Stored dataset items
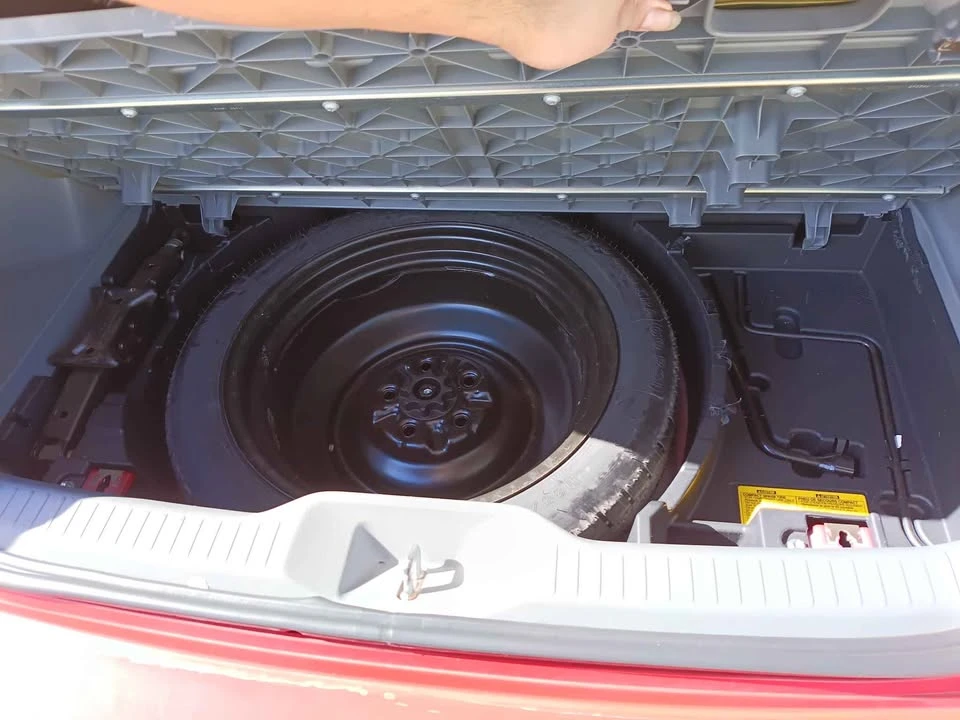 2009 Toyota Matrix 2nd Gen - Image 14 of 19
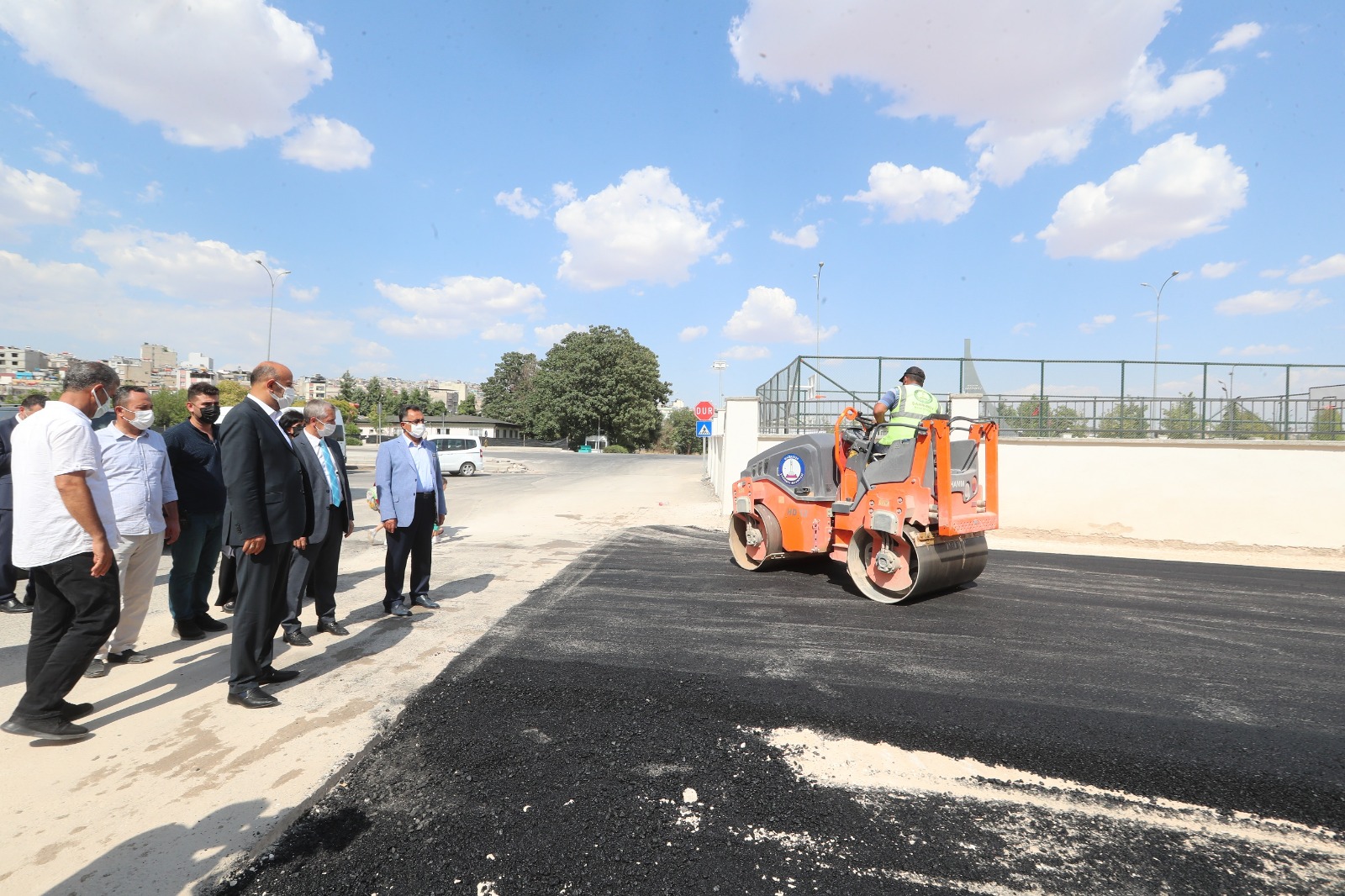 Bakanmz, Milletvekili Kirazolu le Asfalt almalarn nceledi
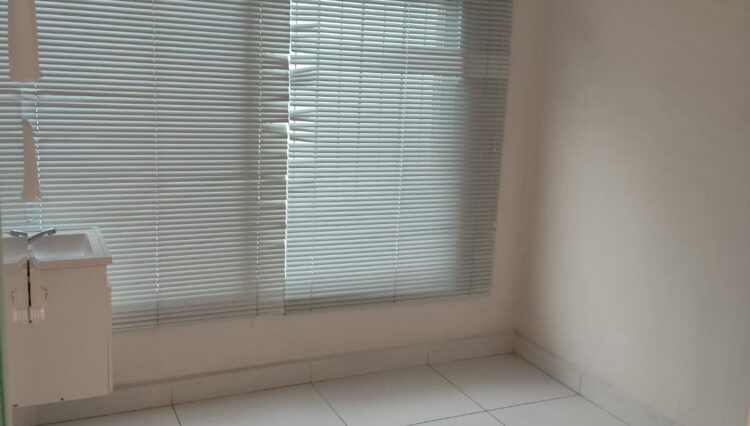 locação-casa-comercial-pronto-ara-clinica-7-salas-recpção-jardim-santista-mogi (24)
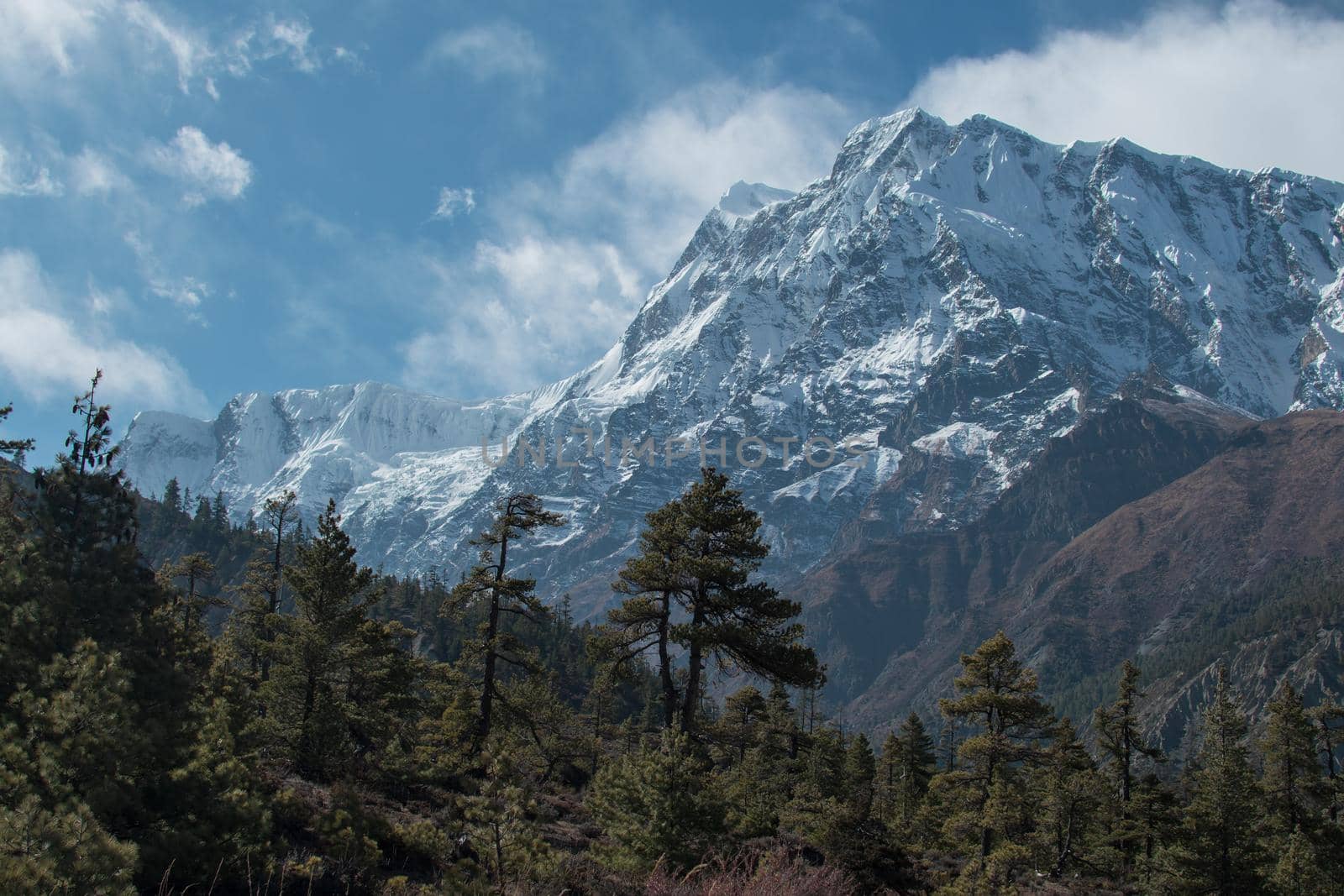 Mountains trekking Annapurna circuit, Marshyangdi river valley, Humde, Himalaya, Nepal, Asia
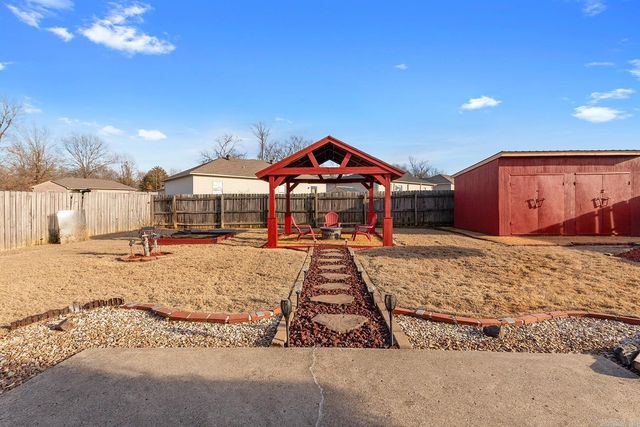 207 Plum Drive, Austin, AR 72007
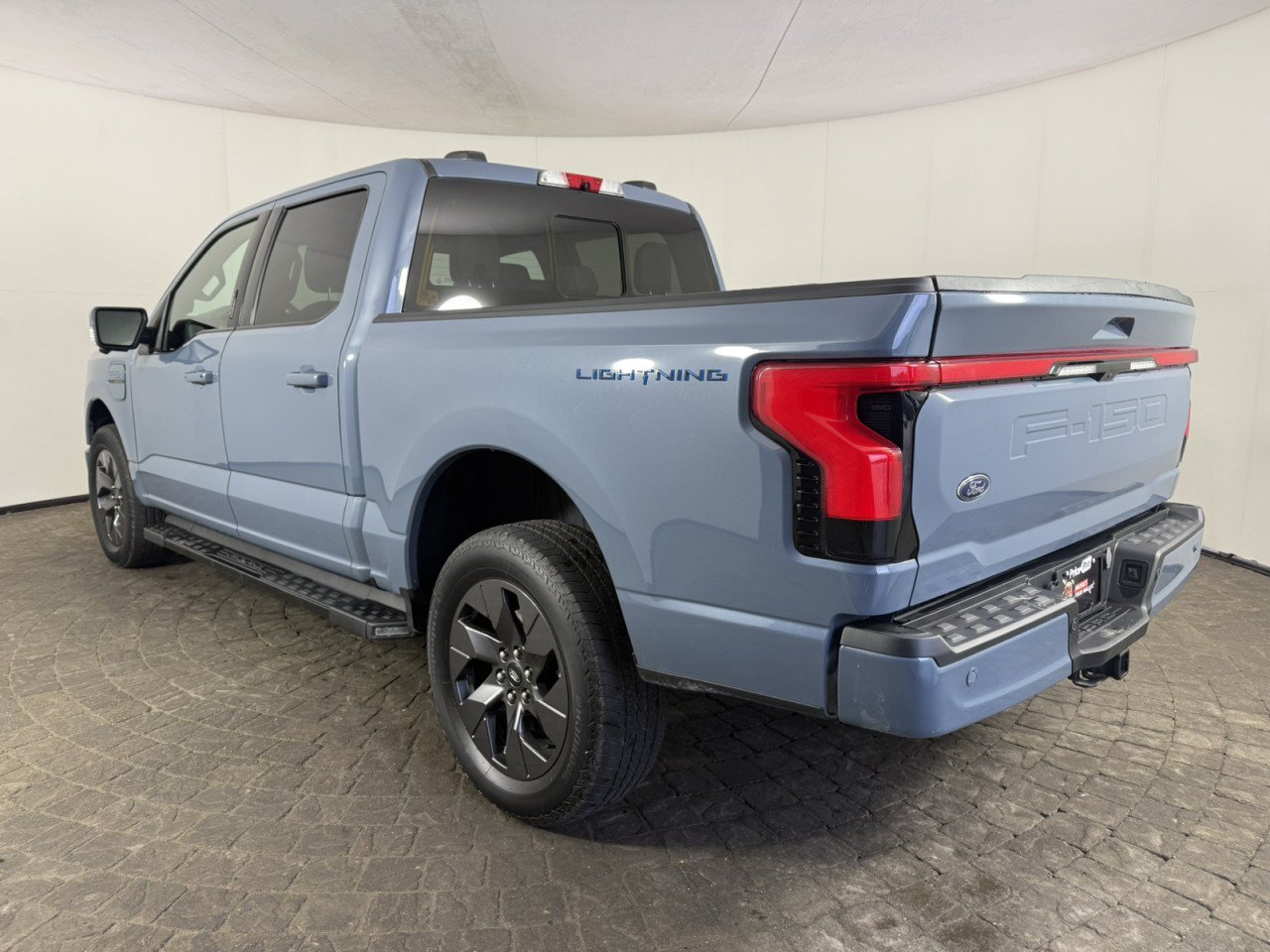 Certified 2023 Ford F150 Lightning Lariat AWD/4WD image 6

Exercise
Every line above is to be reproduced verbatim, and the pictures are to be omitted.

Answer
 2009 Toyota Matrix 2nd Gen - Image 14 of 19
 Bakanmz, Milletvekili Kirazolu le Asfalt almalarn nceledi
 locação-casa-comercial-pronto-ara-clinica-7-salas-recpção-jardim-santista-mogi (24)
 Mountains trekking Annapurna circuit, Marshyangdi river valley, Humde, Himalaya, Nepal, Asia
 207 Plum Drive, Austin, AR 72007
 Certified 2023 Ford F150 Lightning Lariat AWD/4WD image 6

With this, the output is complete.